Meanwhile, the electricity transfer device can be configured to be
operable by a user of the control system via the control system
when the control system is authenticated and when the electricity
transfer device is wirelessly communicating with the control
system. Furthermore, the electricity transfer device and/or the
remote computer system can be configured to provide information to
the user at a control system interface of the control system at the
mobile electronic device when the control system is authenticated
and when the electricity transfer device is wirelessly
communicating with the control system.
[0028] Other embodiments include a method of providing a system.
The method can comprise: providing an electricity transfer device,
where the electricity transfer device can be configured to be
operated by a control system, the control system can be configured
to be run on one or more processors of a mobile electronic device
computer system of a mobile electronic device and storable at one
or more memory storage units of the mobile electronic device
computer system, and the electricity transfer device can comprise a
communication module configured to provide wireless communication
of the electricity transfer device with the control system;
providing a remote computer system located remotely from the
electricity transfer device and the mobile electronic device;
providing an authentication module configured to administer
authentication of the control system such that one of the
electricity transfer device or the remote computer system comprises
the authentication module; configuring the electricity transfer
device to be operable by a user of the control system via the
control system when the control system is authenticated and when
the electricity transfer device is wirelessly communicating with
the control system in either one of an executive mode or a
subordinate mode; and configuring the electricity transfer device
such that the electricity transfer device and/or the remote
computer system is able to provide information to the user at a
control system interface of the control system at the mobile
electronic device when the control system is authenticated and when
the electricity transfer device is wirelessly communicating with
the control system in either one of the executive mode or the
subordinate mode.
[0029] Turning to the drawings, FIG. 1 illustrates a representative
block diagram of control system 100, according to an embodiment.

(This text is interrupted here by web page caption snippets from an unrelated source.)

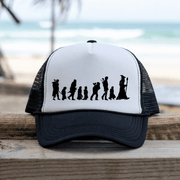 Printify Hats Black / One size Fellowship - Trucker Hat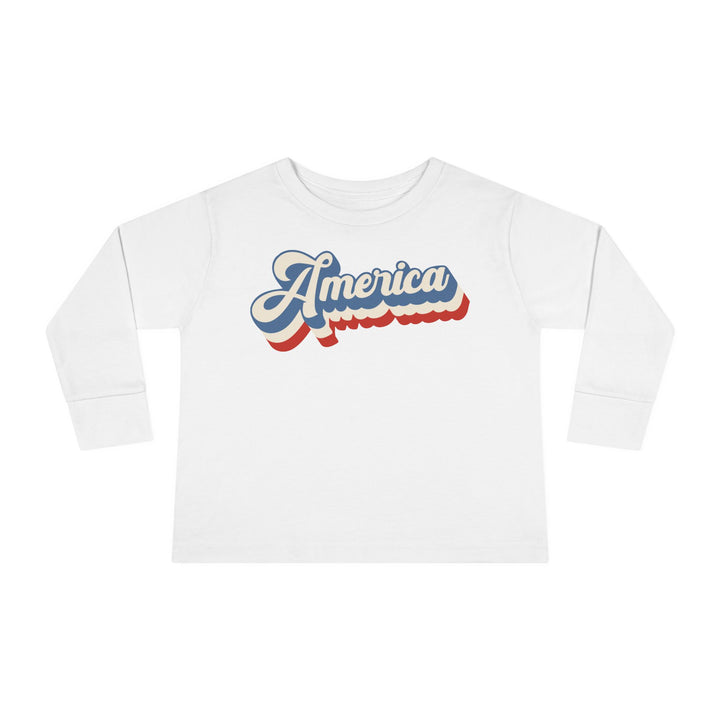 Retro America - Toddler Long Sleeve Tee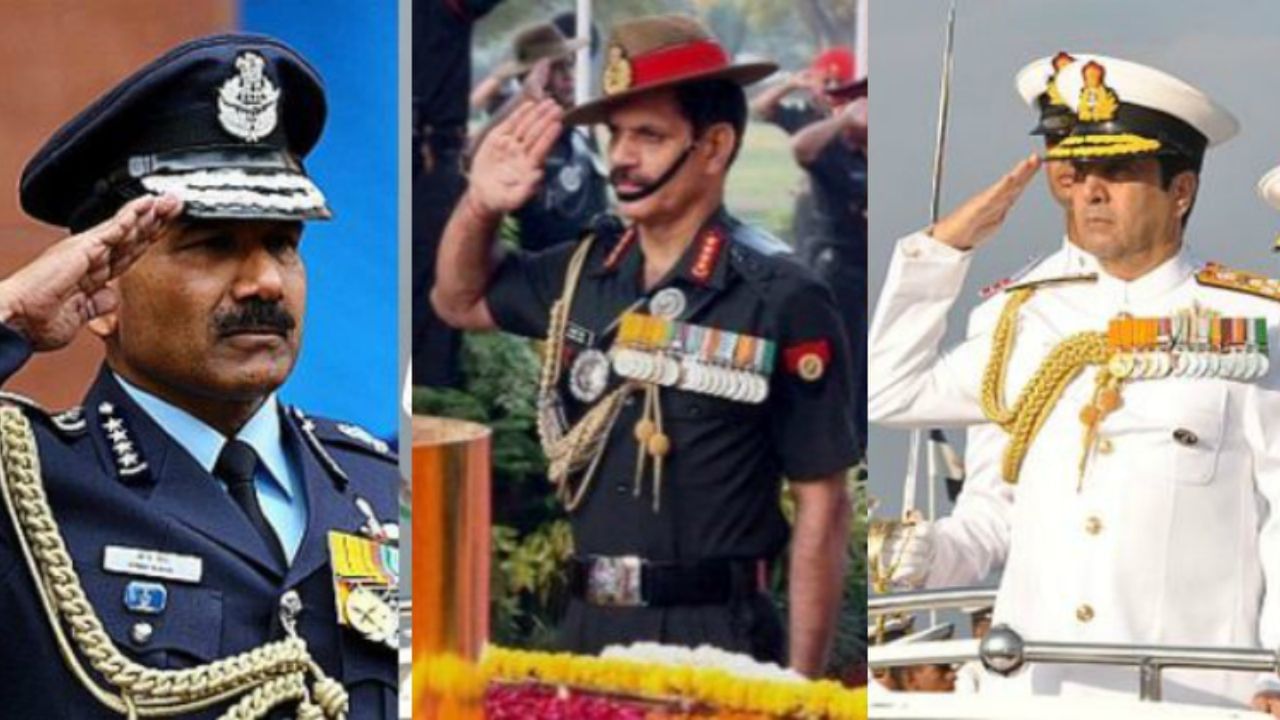 Different Types Of Salutes : એરફોર્સ, આર્મી અને નેવી તમામ અલગ અલગ રીતે આપે છે સલામી, જાણો શા માટે ?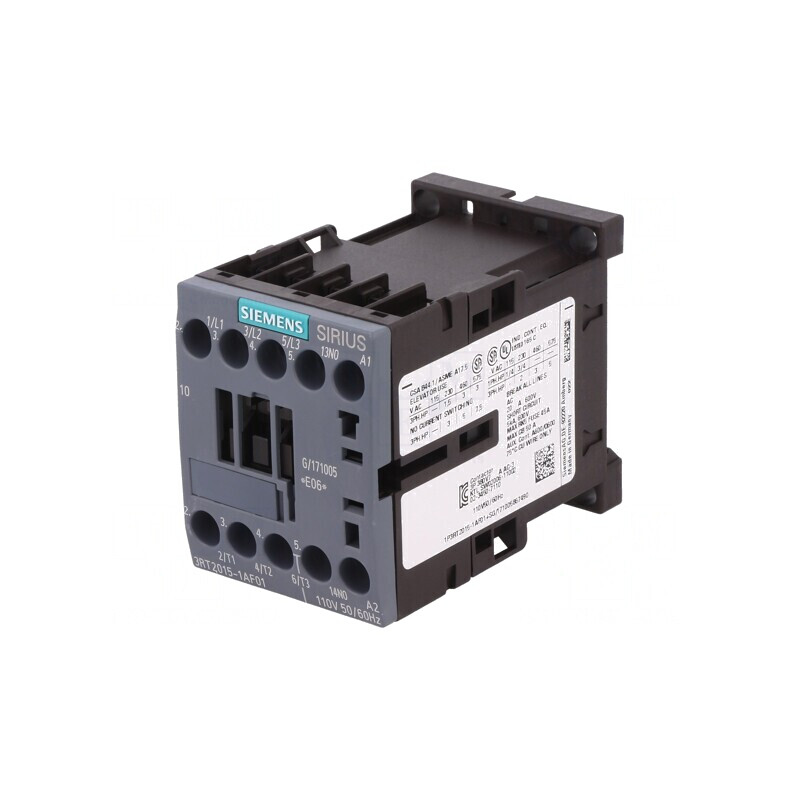 Contactor 3P NO 110VAC 7A 690V | Electronic-mag.ro | Componente Electronice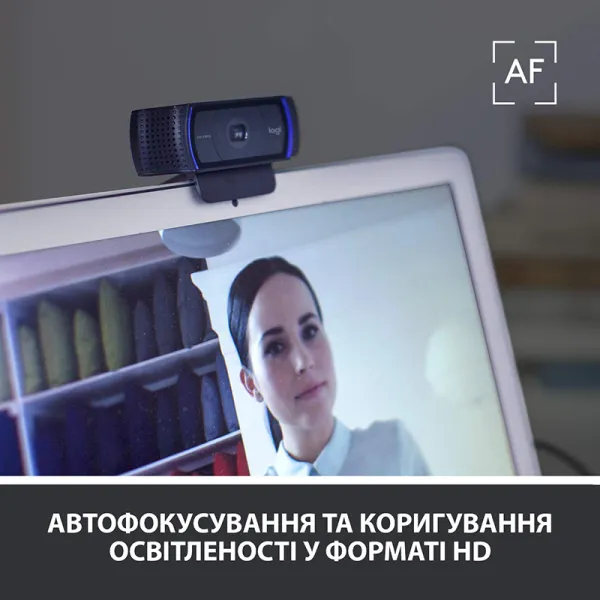 Веб-камера C920 Pro, чёрная Logitech (960-001055) - Фото 7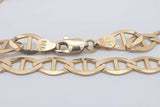 14k Yellow Gold Mariner Chain Necklace 17.2 Grams 24 Inch Eb0426exzsa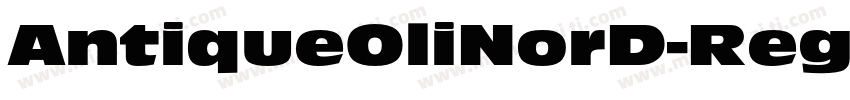 AntiqueOliNorD-Regu字体转换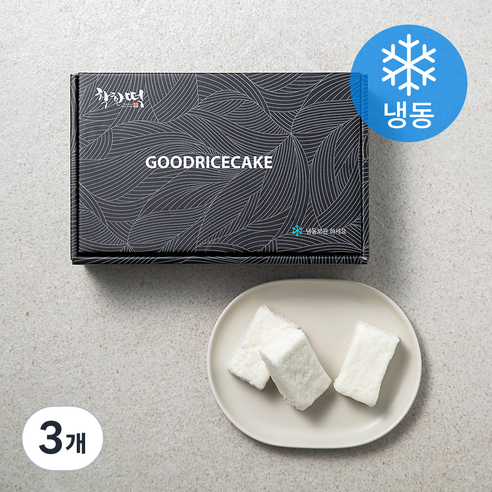 착한떡 우유백설기 (냉동), 45g, 20개입, 3개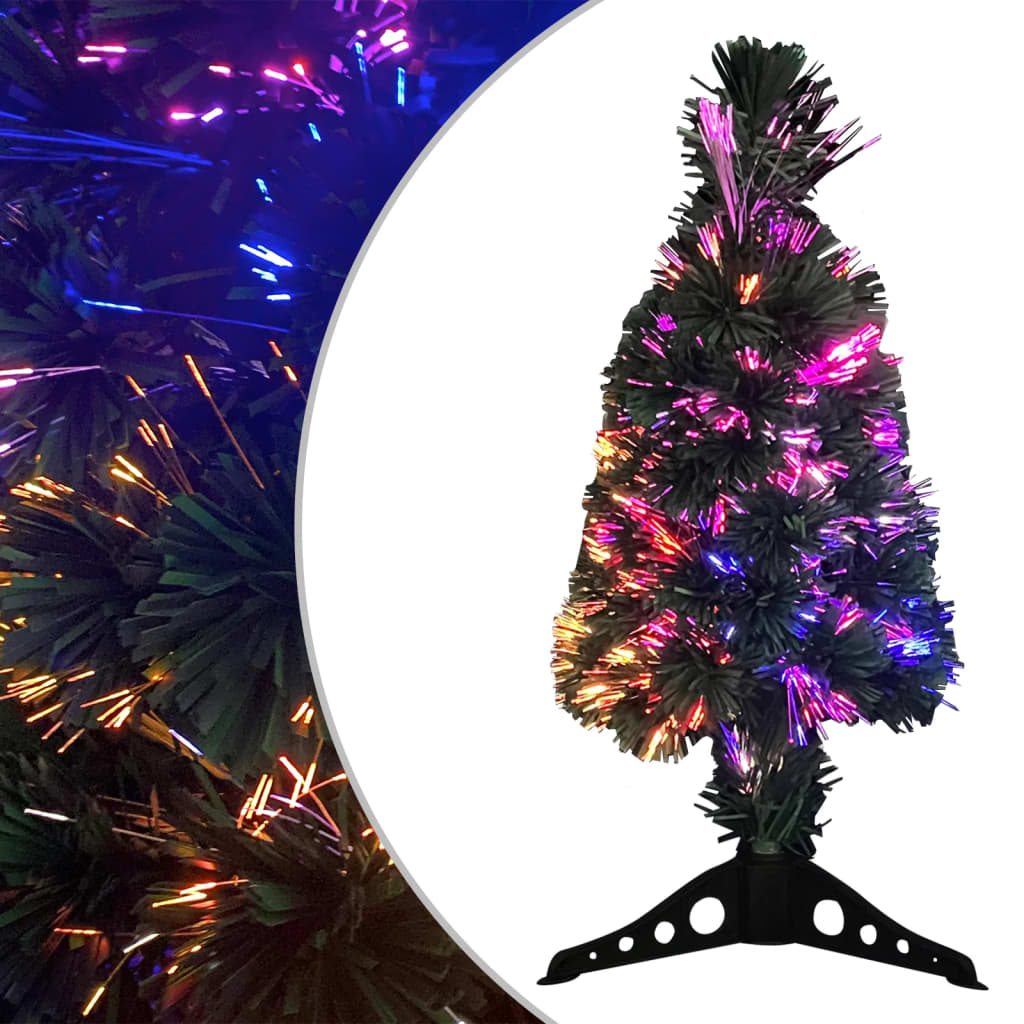 VidaXL Kunstkerstboom met standaard kleine 64 cm glasvezel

Control system 100 can be configured to be run on one or more
processors of mobile electronic device computer system 101 of
mobile electronic device 102 and storable at one or more memory
storage units of mobile electronic device computer system 101.
Control system 100 is merely exemplary and is not limited to the
embodiments presented herein. Control system 100 can be employed in
many different embodiments or examples not specifically depicted or
described herein.
[0030] Control system 100 can be configured to operate and/or can
be implemented as application software of mobile electronic device
computer system 101. Accordingly, in some embodiments, control
system 100 can be bundled with mobile electronic device computer
system 101 or, in other embodiments, can be downloaded from another
computer system (e.g., remote computer system 106). As application
software, control system 100 can be configured to wirelessly
operate electricity transfer device 104 and/or to wirelessly
communicate with remote computer system 106 of a device network
comprising one or more other electricity transfer devices in
addition to electricity transfer device 104. Remote computer system
106 and the device network will be discussed in further detail
below. Mobile electronic device computer system 101 can be similar
or identical to computer system 1200 (FIG. 12), as described below.
Each of the other electricity transfer device(s) can be similar or
identical to electricity transfer device 104.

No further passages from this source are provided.